# Salt storage using cement???



## jb1390 (Sep 23, 2008)

I have seen from my searches that the most popular way to store salt is to use mafia blocks with a cover of some sort. Generally the floor is made from concrete as well from what I have seen. However, it is also well known to not use salt on concrete sidewalks or driveways because salt eats concrete. Has anyone had an issue with salt eating away at their storage containers? Should the structure be sealed with driveway sealer or something similar to protect it?


----------



## Grn Mtn (Sep 21, 2004)

salt is not going to eat your concrete, all it does is increase the freeze/thaw cycle. its the water that freezes and expands that breaks your concrete.


----------



## Longae29 (Feb 15, 2008)

The salt will eat your concrete if its hungry. We have a concrete floor and concrete blocks for walls in our salt bin and the salt has not been hungry enough to eat any of it yet.


----------



## leon (Nov 18, 2008)

*salt etc.*



jb1390;1011820 said:


> I have seen from my searches that the most popular way to store salt is to use mafia blocks with a cover of some sort.
> 
> 1.buy a good truck tarp not a cheap one
> 2.use old tires cut in half to hold the tarp down or into quarters to eliminate mosquitos
> ...


You could also purchase a poly liner sized for your storage( within reason-the actual width and height of a dump body) to seal the walls and floor completely with no leaching as the liner product is water proof. having a slope with the decline going towards the rear wall of the block impoundment will keep the salt from leaching into the ground water-unless we have huge wind storm that rips the tarp off and dumps huge amounts of rain in it.

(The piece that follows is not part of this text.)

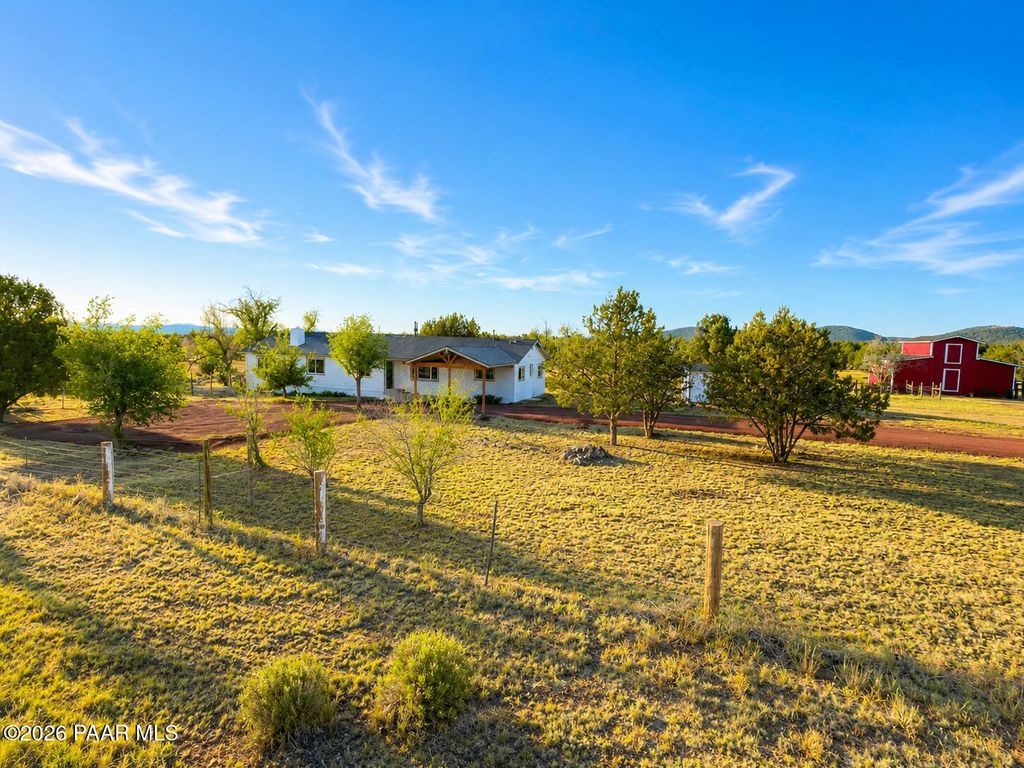 Photo of 817 W Highland Street, Williams, AZ 86046 (MLS # 1082469)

You can line a shipping container with the poly liner material as well with little trouble other than adding 2 by 4 lumber to give it adequate backing. or you can buy disposable container liners which are simply carried into the container filled to the proper level and then disposed of etc.

www.northwestplastics.net

:waving:


----------



## DKG (Feb 3, 2008)

My father in law has been in the concrete business all his life. I asked him once, how long does it take for salt to screw up concrete? His answer was "about 30 years unless it was poor quality concrete."


----------



## bmlitton (Feb 18, 2010)

We have been using a 40' shipping container for bulk salt storage. It's been in use for over 3 years now and only a small sign of surface rust at the doors. Other than that, it looks like it did the day it was delivered. It will hold about 60 tons if you load it correctly. It's cheaper than a concrete slab, you won't have to worry about rain blowing in and you can use it for storage in the summer (if it's empty of course).


----------



## speralandscape (Dec 28, 2008)

Longae29;1011926 said:


> The salt will eat your concrete if its hungry. We have a concrete floor and concrete blocks for walls in our salt bin and the salt has not been hungry enough to eat any of it yet.

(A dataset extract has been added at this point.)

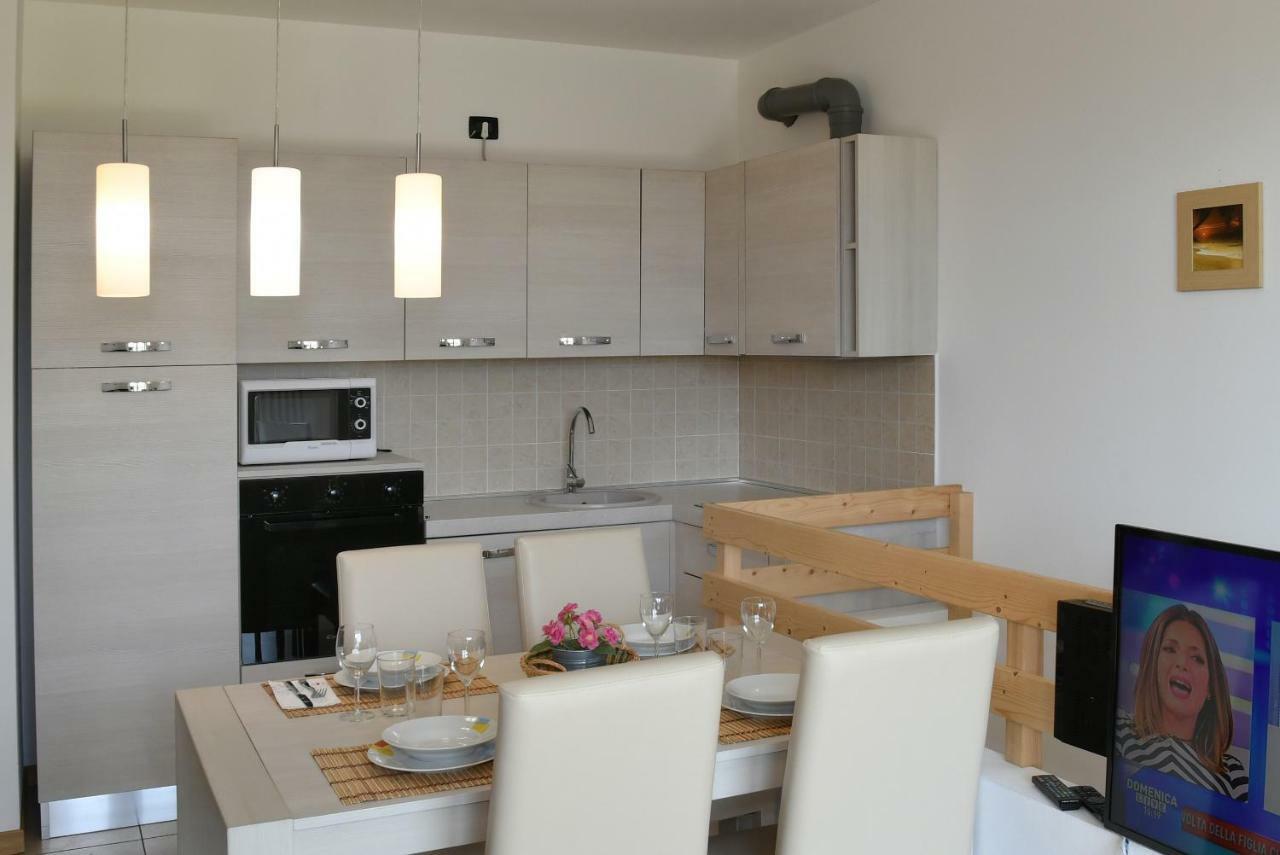 Apartment Gli Ulivi - Tremezzina تريميتْسّو المظهر الخارجي الصورة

Lmao, I read this and almost spit soda all over my keyboard...


----------



## ajslands (Sep 3, 2009)

Longae29;1011926 said:


> The salt will eat your concrete if its hungry. We have a concrete floor and concrete blocks for walls in our salt bin and the salt has not been hungry enough to eat any of it yet.


:laughing:laughing:laughing:laughing:


----------



## Kubota 8540 (Sep 25, 2009)

Mine has an asphalt floor and a concrete berm around it. Both still look good after about 17 years. The non galvanized fasteners and nails not so good.


----------



## 2COR517 (Oct 23, 2008)

Longae29;1011926 said:


> The salt will eat your concrete if its hungry. We have a concrete floor and concrete blocks for walls in our salt bin and the salt has not been hungry enough to eat any of it yet.


So salt likes to eat stuff. Hmmmm.....Does salt like to eat snow? I've got a crazy idea here, so bear with me. Basically what I'm thinking - if salt likes to eat snow, I could use salt on my parking lots to eat the snow rather than plowing. I'm guessing the salt can only eat so much snow before it gets full and won't eat any more. So this idea would probably work best on light storms.


----------



## Luther (Oct 31, 2007)

jb1390;1011820 said:


> I have seen from my searches that the most popular way to store salt is to use mafia blocks with a cover of some sort. Generally the floor is made from concrete as well from what I have seen. However, it is also well known to not use salt on concrete sidewalks or driveways because salt eats concrete. Has anyone had an issue with salt eating away at their storage containers? Should the structure be sealed with driveway sealer or something similar to protect it?


I would be more concerned about the Mayan calendar.


----------